しかし、あそこに、徳川夢声先生という珍優が一枚加わると、千|鈞《きん》の重みとはこのことである。
 彼は含宙軒博士となり、含宙軒先生となり、含宙軒探偵となり、変装自在の特技者であるが、彼自身は本業を俳優と云い、文章のたぐいは副業であると称している。
 しかし、私の見るところでは、副業の文章が本職の文士以上にうまいが、俳優の方は、ややダイコンである。なんと云っても、彼の修練はクラヤミに於ける声の表現で、表情や身の動きは中年からの年期であるから、宙を含むの天分ありとはいえ、年期の遅きをいかにせん。表情はいさゝかテレくさく、手の置き場所にもいさゝか困っていらッしゃる。彼の映画は見ている方が辛いのである。

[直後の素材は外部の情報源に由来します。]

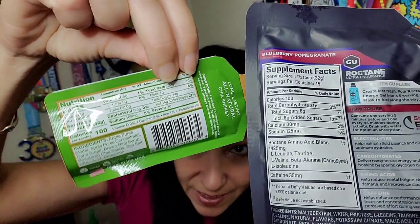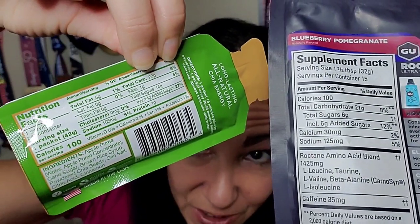Both contain 100 calories and both contain between 20 to 23 grams of carbs, which is pretty standard. The Roctane does list potassium sorbate but that's a preservative — it doesn't make it to the nutritional facts list, so my guess is it doesn't even reach one percent of the potassium you need.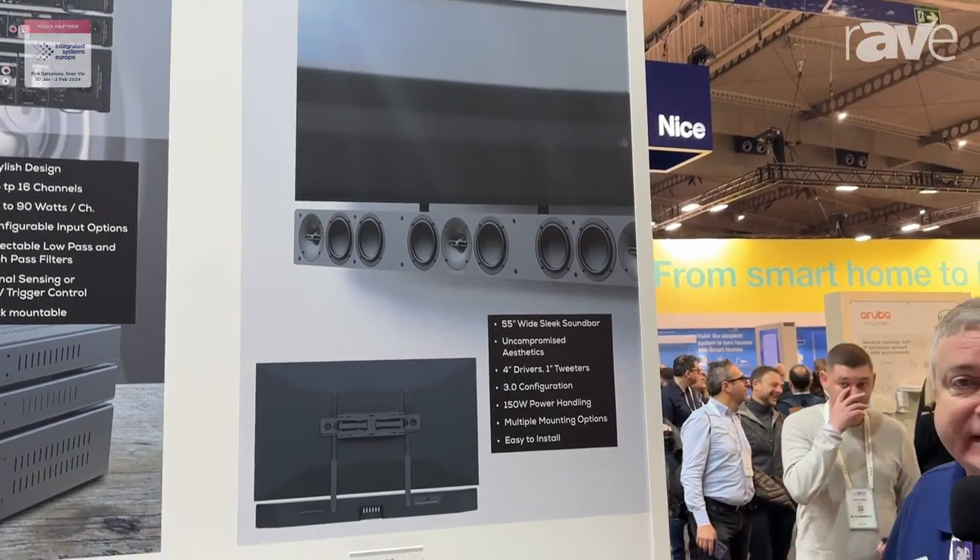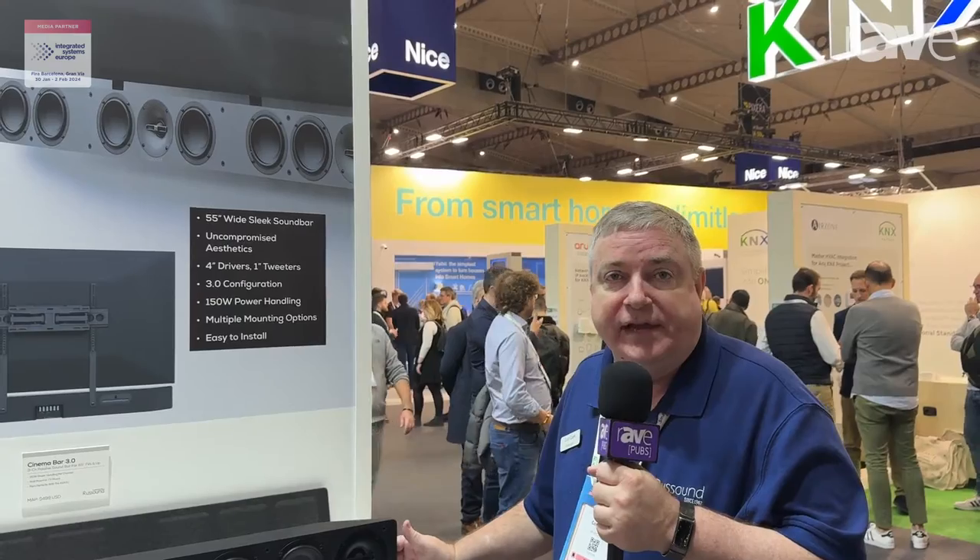That allows this to get down to 70 Hz, and it's a true 70 Hz out of a sound bar. So this is going to be a sound bar that's really going to enhance the sound of any of your TVs, any of your favorite movies — a great addition to your home.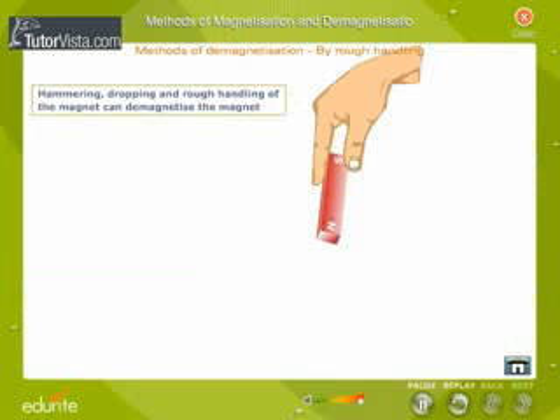Hammering, dropping, and rough handling of the magnet can demagnetize it.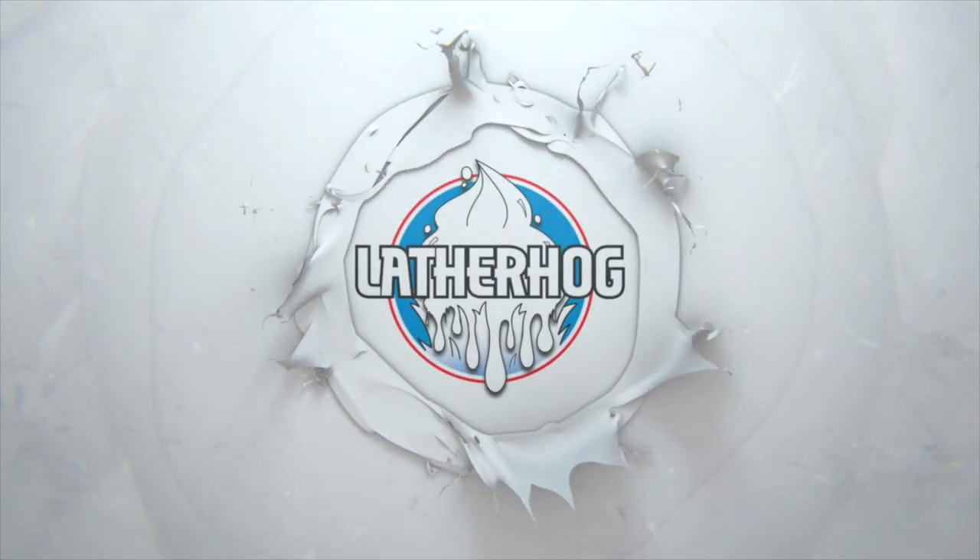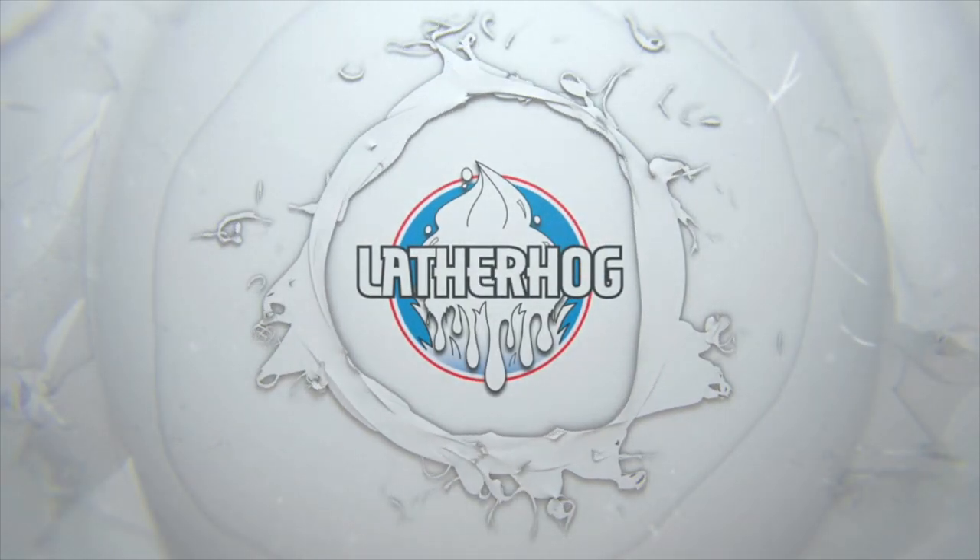In today's shave, we're going to be using Noble Otter Firefighter. Hello and welcome back to the Lather Hog channel. I'm your host Jon and today we're using the latest offering from Noble Otter — Firefighter. We have both the new soap as well as the matching splash here.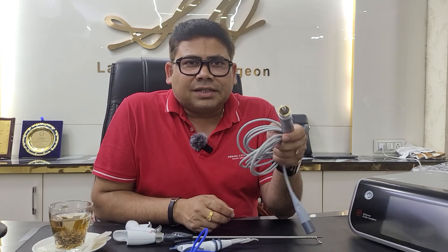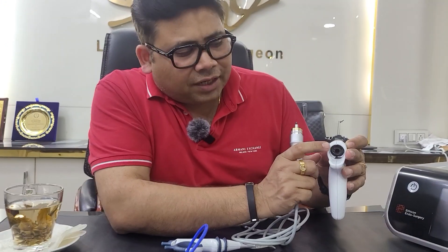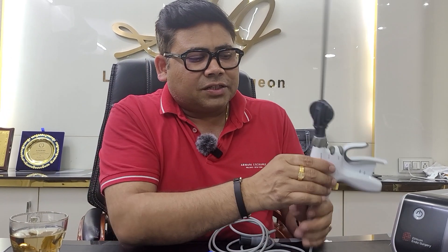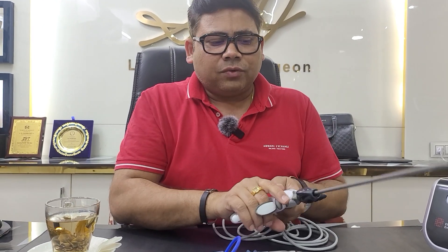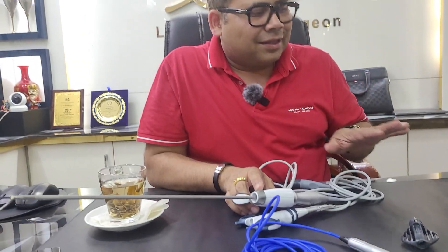Let me tell you what this system is all about. The most important thing we have is this handpiece — this is the ultrasonic transducer. There is a cavity here to which this ultrasonic transducer will go. Once it has gone, you need to rotate this instrument to tighten it up. To tighten it further, we have a tightener. The moment you have two and a half rounds, it is okay, and then the handpiece is connected.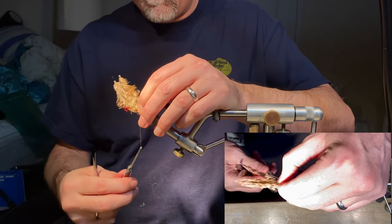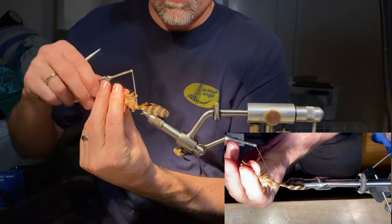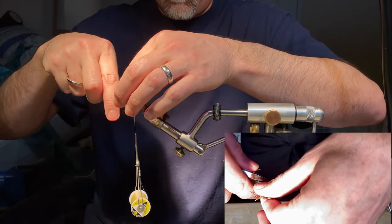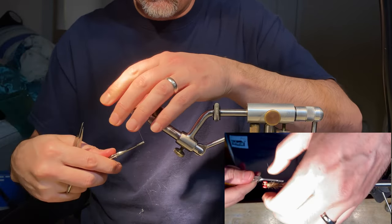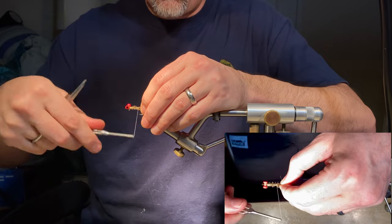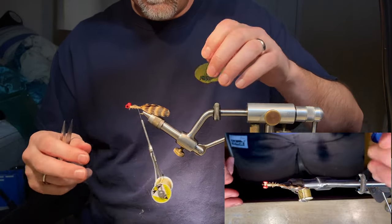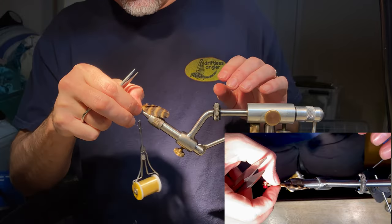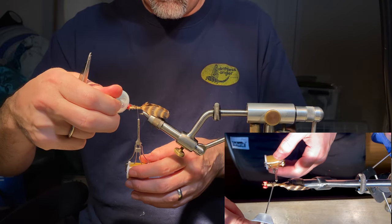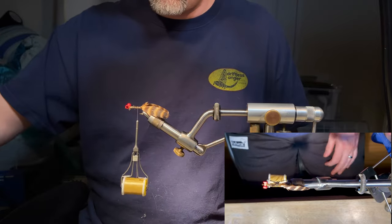Bring it up and do a pinch wrap — second one and a third, each one going forward. Reach in and grab these and wrap them down; we want that bulk. Otherwise we've got to fill it with dubbing, and I'd rather use the mass of the feathers to build that bulk. When getting back down closer to the tail, don't use terribly tight wraps. Then hit that whole area with some flex cement — I've found that works really well.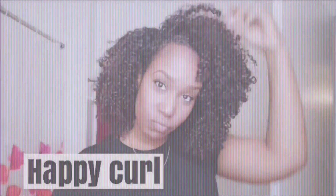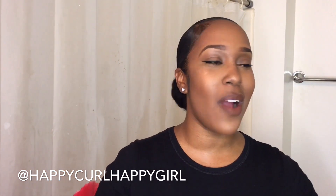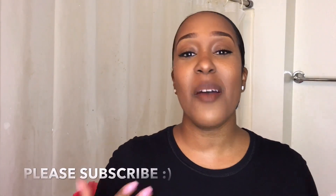Hey y'all, welcome back to my channel! I hope you guys can hear me — I have this fan going because it's hot up in here with these lights. If you've been following me on Instagram, I hope you are! If not, go ahead and follow me at Happy Girl Happy Girl. I post funny stuff, hair stuff, products, selfies — all that good stuff. Make sure you are subscribed to this channel so you don't miss anything coming up.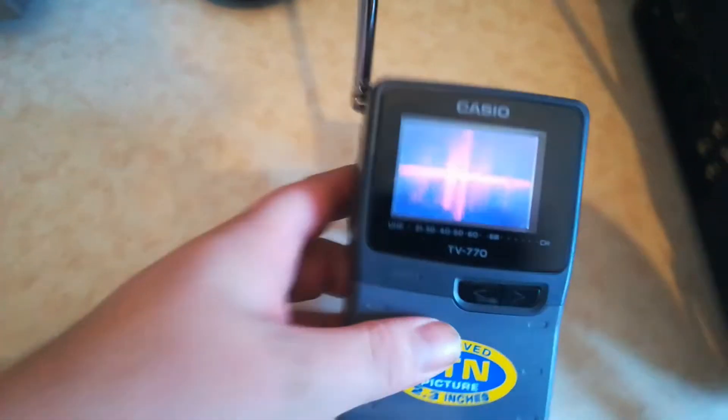We'll take the little portable with us. We can show you how it's done, how you can do it and how much range we've got.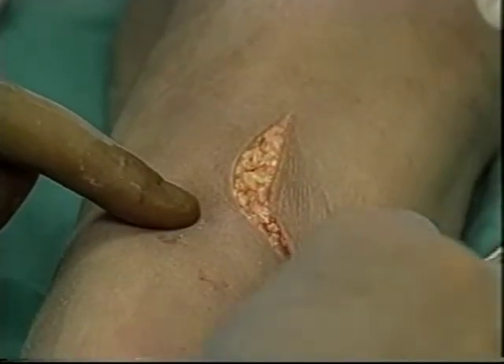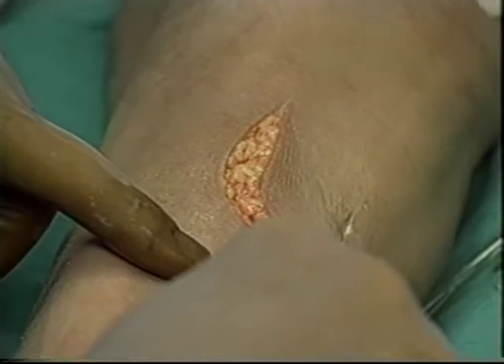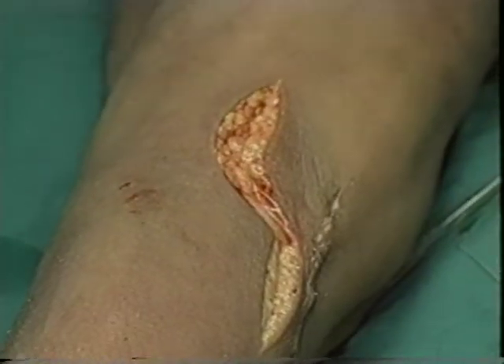With the patient in the prone position, a posterior incision is made crossing the popliteal space at angles so as not to cause contracture.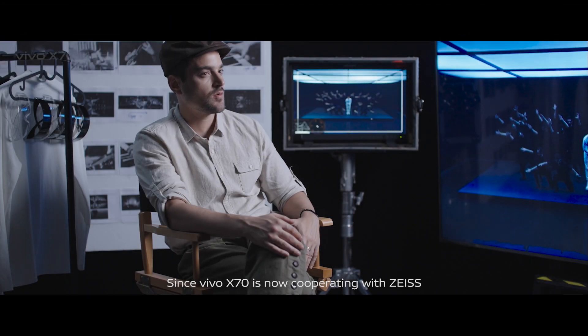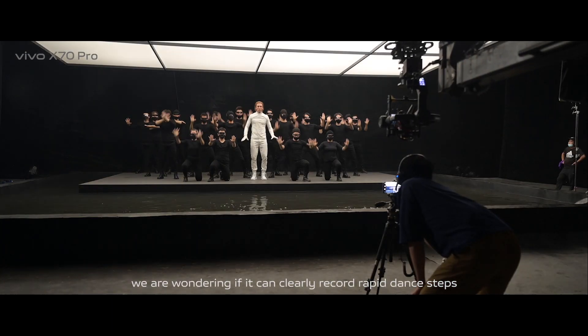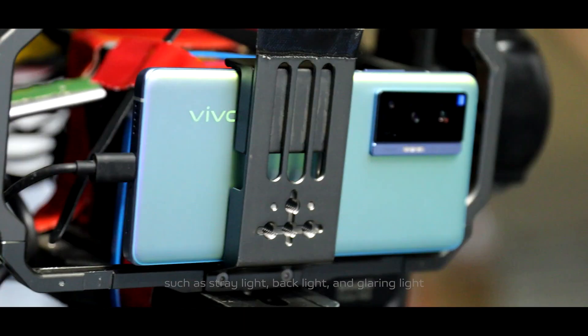Since Vivo X70 is now cooperating with Zeiss, we were wondering if it could clearly record rapid dance steps in an environment with complex light sources, such as stray light, backlight, and glaring light.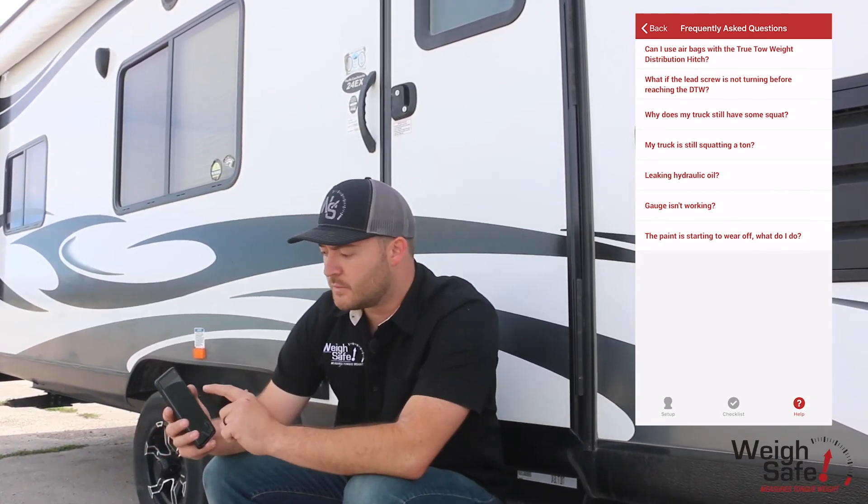There's also warranty information and a contact us page, because we're here to help and support our team and keep you safe on the roads. That's it — that's our WaySafe app to help you truly tow with our True Distribution System.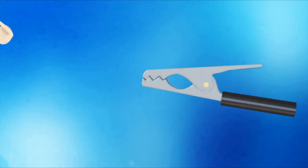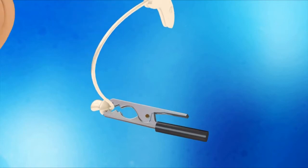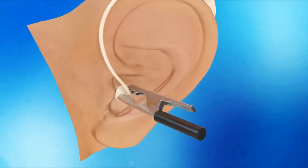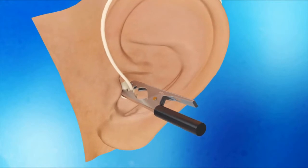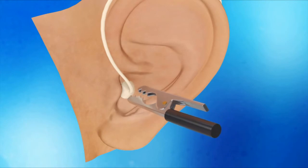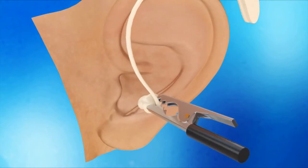To use the invention, one simply places the transducer in the clip, then uses the invention to easily insert the transducer within the ear canal. Once properly positioned, the clip is gently squeezed and the invention removed. This process works in reverse for easy removal as well.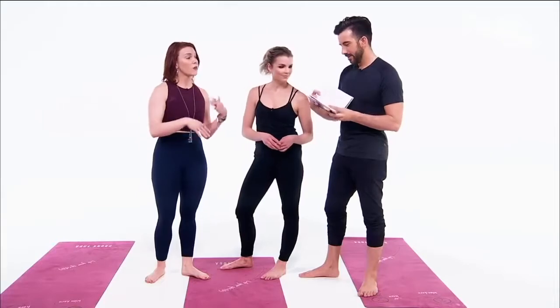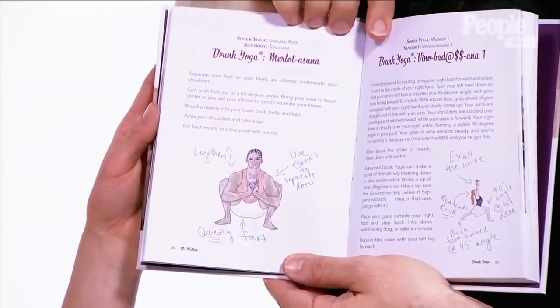I break down 50 of my favorite yoga poses in a fun, cheeky, humorous way, and tell you how to do it with a glass of wine in your hand. So there are great illustrations and a description of all the poses. Yeah, a lot of nice wine puns in here.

 ところが、表情や動きのいらないラジオとなると、さすがに違う。彼の天分は堂を圧してしまう。アア夢声は天才ナリ、と思う。そして、彼の声の登場するところ、春風タイトウとして、人心を和《やわら》げ、心底から解放を与えてくる。又と得がたい声の俳優と申すべきであろう。
 しかし、近ごろはメッタに登場せず、登場してもいさゝか精彩に欠けているが、これは含宙軒師匠が禁酒しているせいだろうと思われる。
 我々文士が酒をのんでは、小説も書けないばかりで一向役にも立たないが、含宙軒師匠が酒をのむと、全国の皆様を春風タイトウとさせるのだから、ここは身命を投げうって酒を飲むところかも知れない。
 戦後派の人気者の一つに職業野球がある。戦前に野球の主流であった六大学も甲子園大会も都市対抗も、今では、プロ野球の新人発掘の温床として注目される程度となっている。
 しかし保守思想というものは、こういうハツラツたるスポーツに於ても在るもので、先日読んだ野球雑誌に、日本野球のベストメンバーというのを見ると、一塁が川上でも西沢でも飯田でもなく、死んだ中河になっている。そして中河こそは不世出の一塁手で、生れながらのプロ野球人だなどと絶讃しているのである。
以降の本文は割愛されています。